Oportunidade para transportadoras

Oportunidade para transportadoras: Receita reconhece crédito de PIS/COFINS sobre TUV e reforça tese de custos obrigatórios como “insumo”

A Solução de Consulta COSIT nº 46/2026 trouxe um recado relevante para o setor de transporte rodoviário de cargas: custos exigidos por lei para operar podem gerar crédito de PIS/COFINS no regime não cumulativo (lucro real).

O ponto central do ato é objetivo: por ser imposição legal e custo inafastável para viabilizar a Autorização Especial de Trânsito (AET), a Tarifa de Utilização da Via (TUV) se enquadra como insumo pelo critério da relevância, permitindo o creditamento tanto de PIS/Pasep quanto de Cofins.

Para operações de cargas pesadas/indivisíveis, a TUV não é uma despesa “opcional”. Sem esse pagamento, o transporte simplesmente não acontece — e é exatamente essa relação direta com a atividade que sustenta o entendimento da COSIT.

Em linguagem empresarial: abre-se espaço para revisão de apuração, mapeamento de créditos e eventual recuperação (observadas as regras do regime não cumulativo e a documentação do caso).

O STJ, no julgamento repetitivo sobre o conceito de insumo (Tema 779), consolidou que o enquadramento deve ser analisado pelos critérios de essencialidade ou relevância — isto é, pela imprescindibilidade ou importância do gasto para a atividade econômica do contribuinte.

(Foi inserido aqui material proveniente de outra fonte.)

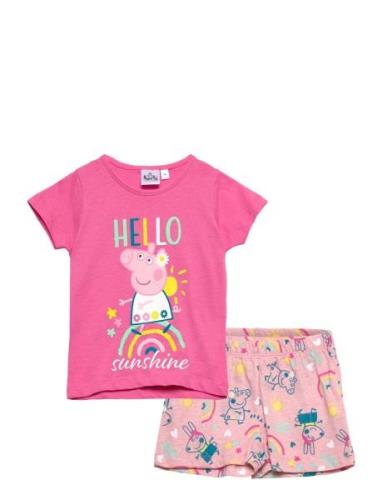 Set Pyjalong Pyjamasetti Pyjama Pink Gurli Gris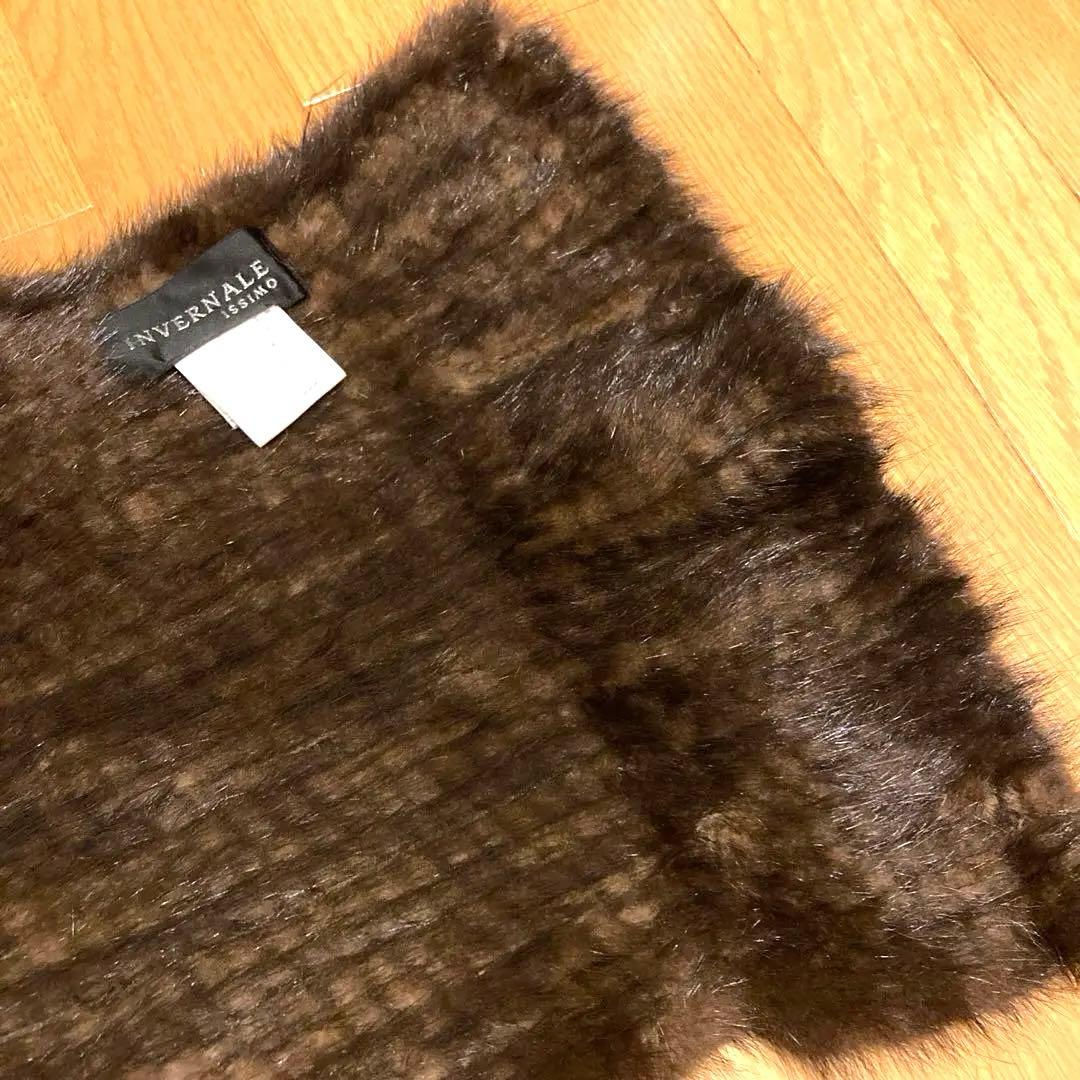 インヴェルナーレINVERNALE ISSIMO ミンクフォックスマフラー毛皮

A COSIT aplicou essa lógica ao transporte rodoviário: se a TUV é exigência legal e condição para operar (via AET), ela atende ao critério de relevância e pode gerar crédito.

A decisão é especialmente útil para empresas que:

  • apuram PIS/COFINS pelo regime não cumulativo (em geral, lucro real);
  • realizam operações que dependem de AET e custos correlatos;
  • possuem volume recorrente de despesas regulatórias/operacionais obrigatórias.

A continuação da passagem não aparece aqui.